[DATA FOR THIS EXERCISE Boundary: Start]

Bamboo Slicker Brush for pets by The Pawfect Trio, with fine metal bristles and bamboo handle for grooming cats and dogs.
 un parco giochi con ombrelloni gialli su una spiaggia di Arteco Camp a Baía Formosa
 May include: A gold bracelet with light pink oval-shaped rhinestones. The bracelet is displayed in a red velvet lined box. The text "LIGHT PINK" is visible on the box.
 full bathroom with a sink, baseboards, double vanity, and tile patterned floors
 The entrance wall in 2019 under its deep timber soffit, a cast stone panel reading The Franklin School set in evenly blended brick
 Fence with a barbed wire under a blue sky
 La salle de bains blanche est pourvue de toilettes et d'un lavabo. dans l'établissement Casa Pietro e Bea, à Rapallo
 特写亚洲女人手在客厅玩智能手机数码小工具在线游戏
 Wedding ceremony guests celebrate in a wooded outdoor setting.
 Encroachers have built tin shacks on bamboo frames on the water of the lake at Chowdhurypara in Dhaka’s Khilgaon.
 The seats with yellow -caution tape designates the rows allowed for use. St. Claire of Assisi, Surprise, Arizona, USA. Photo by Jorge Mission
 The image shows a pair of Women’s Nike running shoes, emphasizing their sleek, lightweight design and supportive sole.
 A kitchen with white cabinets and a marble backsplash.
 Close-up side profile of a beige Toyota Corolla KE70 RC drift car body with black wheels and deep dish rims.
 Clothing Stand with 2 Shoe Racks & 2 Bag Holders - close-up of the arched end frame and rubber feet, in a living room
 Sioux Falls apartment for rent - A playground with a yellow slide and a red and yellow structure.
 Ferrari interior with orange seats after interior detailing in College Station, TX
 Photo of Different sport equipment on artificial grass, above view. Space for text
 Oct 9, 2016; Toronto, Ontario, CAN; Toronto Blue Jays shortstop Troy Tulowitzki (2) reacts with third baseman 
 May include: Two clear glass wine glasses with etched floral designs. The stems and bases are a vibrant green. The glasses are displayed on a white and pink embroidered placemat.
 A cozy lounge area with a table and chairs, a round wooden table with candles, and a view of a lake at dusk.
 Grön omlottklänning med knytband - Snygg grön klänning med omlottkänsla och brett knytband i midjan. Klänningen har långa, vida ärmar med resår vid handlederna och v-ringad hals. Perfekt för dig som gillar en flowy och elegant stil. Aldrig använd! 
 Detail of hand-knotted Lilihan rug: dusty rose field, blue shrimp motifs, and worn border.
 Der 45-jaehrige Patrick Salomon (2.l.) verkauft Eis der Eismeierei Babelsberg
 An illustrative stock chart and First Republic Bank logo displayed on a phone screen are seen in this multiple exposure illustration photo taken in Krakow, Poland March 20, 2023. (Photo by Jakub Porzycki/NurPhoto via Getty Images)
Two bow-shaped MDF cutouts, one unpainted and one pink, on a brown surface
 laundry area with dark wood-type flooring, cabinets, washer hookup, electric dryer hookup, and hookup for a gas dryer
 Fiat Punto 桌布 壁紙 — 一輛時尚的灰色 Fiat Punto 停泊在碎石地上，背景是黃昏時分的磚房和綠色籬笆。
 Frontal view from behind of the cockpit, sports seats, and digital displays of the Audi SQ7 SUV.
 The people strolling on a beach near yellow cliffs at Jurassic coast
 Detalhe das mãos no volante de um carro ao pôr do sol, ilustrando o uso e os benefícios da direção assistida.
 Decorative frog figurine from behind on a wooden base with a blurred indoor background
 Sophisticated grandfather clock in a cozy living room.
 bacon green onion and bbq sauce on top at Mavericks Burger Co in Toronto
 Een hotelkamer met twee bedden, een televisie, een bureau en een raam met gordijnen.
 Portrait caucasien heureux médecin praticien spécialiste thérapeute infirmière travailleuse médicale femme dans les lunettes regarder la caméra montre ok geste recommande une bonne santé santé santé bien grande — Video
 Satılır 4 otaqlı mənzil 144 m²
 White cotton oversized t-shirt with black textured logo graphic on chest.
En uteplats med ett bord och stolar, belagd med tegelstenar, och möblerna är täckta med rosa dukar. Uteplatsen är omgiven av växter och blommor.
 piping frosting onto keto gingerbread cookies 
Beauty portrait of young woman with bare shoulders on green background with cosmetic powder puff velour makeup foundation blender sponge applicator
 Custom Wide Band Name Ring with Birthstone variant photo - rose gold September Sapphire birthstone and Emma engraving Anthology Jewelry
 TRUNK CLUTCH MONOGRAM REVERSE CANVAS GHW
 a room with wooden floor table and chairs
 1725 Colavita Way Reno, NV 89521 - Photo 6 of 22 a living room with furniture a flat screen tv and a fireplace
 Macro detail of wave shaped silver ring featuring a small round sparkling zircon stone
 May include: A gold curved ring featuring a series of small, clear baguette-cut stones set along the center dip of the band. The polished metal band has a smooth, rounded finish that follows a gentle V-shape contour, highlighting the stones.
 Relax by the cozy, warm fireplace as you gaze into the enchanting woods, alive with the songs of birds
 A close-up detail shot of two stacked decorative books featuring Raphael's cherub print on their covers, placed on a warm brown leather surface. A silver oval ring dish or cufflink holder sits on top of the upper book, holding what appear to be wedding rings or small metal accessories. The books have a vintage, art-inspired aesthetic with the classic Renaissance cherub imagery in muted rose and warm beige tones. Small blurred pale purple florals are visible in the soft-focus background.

[DATA FOR THIS EXERCISE Boundary: End]

EXERCISE DETAILS
Reproduce verbatim the lines above, from the line with "Sioux Falls apartment" through the line with "A cozy lounge".

RESULT FOR THIS TASK
 Sioux Falls apartment for rent - A playground with a yellow slide and a red and yellow structure.
 Ferrari interior with orange seats after interior detailing in College Station, TX
 Photo of Different sport equipment on artificial grass, above view. Space for text
 Oct 9, 2016; Toronto, Ontario, CAN; Toronto Blue Jays shortstop Troy Tulowitzki (2) reacts with third baseman 
 May include: Two clear glass wine glasses with etched floral designs. The stems and bases are a vibrant green. The glasses are displayed on a white and pink embroidered placemat.
 A cozy lounge area with a table and chairs, a round wooden table with candles, and a view of a lake at dusk.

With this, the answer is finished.